### Instructions for the task
Give back the listing underneath, unchanged and complete.

### Dataset
-----

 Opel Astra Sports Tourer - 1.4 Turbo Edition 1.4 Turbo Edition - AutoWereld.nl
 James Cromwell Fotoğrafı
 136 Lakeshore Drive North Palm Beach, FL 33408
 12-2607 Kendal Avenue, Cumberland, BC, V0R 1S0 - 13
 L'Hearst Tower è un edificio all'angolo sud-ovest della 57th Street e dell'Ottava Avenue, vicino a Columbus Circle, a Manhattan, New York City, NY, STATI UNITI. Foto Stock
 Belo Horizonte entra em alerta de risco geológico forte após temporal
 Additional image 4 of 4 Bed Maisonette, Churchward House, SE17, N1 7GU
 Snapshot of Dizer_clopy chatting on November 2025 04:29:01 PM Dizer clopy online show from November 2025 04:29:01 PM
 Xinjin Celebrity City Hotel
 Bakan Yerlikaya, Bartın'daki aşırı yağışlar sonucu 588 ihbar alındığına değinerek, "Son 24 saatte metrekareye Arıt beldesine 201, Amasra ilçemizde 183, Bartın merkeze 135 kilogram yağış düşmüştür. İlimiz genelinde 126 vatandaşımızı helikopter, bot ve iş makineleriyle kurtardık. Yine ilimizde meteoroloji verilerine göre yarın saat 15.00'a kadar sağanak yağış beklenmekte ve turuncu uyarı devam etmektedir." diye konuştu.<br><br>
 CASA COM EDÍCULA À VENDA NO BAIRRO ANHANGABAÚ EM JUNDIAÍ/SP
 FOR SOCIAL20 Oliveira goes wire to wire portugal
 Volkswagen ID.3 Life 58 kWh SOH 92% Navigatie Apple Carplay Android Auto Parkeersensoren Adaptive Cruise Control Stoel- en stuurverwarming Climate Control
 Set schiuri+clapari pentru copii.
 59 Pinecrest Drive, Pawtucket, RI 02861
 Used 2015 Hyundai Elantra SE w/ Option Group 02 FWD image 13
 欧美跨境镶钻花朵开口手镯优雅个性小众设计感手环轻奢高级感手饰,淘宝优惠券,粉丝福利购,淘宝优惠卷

-----

### Solved exercise
 Opel Astra Sports Tourer - 1.4 Turbo Edition 1.4 Turbo Edition - AutoWereld.nl
 James Cromwell Fotoğrafı
 136 Lakeshore Drive North Palm Beach, FL 33408
 12-2607 Kendal Avenue, Cumberland, BC, V0R 1S0 - 13
 L'Hearst Tower è un edificio all'angolo sud-ovest della 57th Street e dell'Ottava Avenue, vicino a Columbus Circle, a Manhattan, New York City, NY, STATI UNITI. Foto Stock
 Belo Horizonte entra em alerta de risco geológico forte após temporal
 Additional image 4 of 4 Bed Maisonette, Churchward House, SE17, N1 7GU
 Snapshot of Dizer_clopy chatting on November 2025 04:29:01 PM Dizer clopy online show from November 2025 04:29:01 PM
 Xinjin Celebrity City Hotel
 Bakan Yerlikaya, Bartın'daki aşırı yağışlar sonucu 588 ihbar alındığına değinerek, "Son 24 saatte metrekareye Arıt beldesine 201, Amasra ilçemizde 183, Bartın merkeze 135 kilogram yağış düşmüştür. İlimiz genelinde 126 vatandaşımızı helikopter, bot ve iş makineleriyle kurtardık. Yine ilimizde meteoroloji verilerine göre yarın saat 15.00'a kadar sağanak yağış beklenmekte ve turuncu uyarı devam etmektedir." diye konuştu.<br><br>
 CASA COM EDÍCULA À VENDA NO BAIRRO ANHANGABAÚ EM JUNDIAÍ/SP
 FOR SOCIAL20 Oliveira goes wire to wire portugal
 Volkswagen ID.3 Life 58 kWh SOH 92% Navigatie Apple Carplay Android Auto Parkeersensoren Adaptive Cruise Control Stoel- en stuurverwarming Climate Control
 Set schiuri+clapari pentru copii.
 59 Pinecrest Drive, Pawtucket, RI 02861
 Used 2015 Hyundai Elantra SE w/ Option Group 02 FWD image 13
 欧美跨境镶钻花朵开口手镯优雅个性小众设计感手环轻奢高级感手饰,淘宝优惠券,粉丝福利购,淘宝优惠卷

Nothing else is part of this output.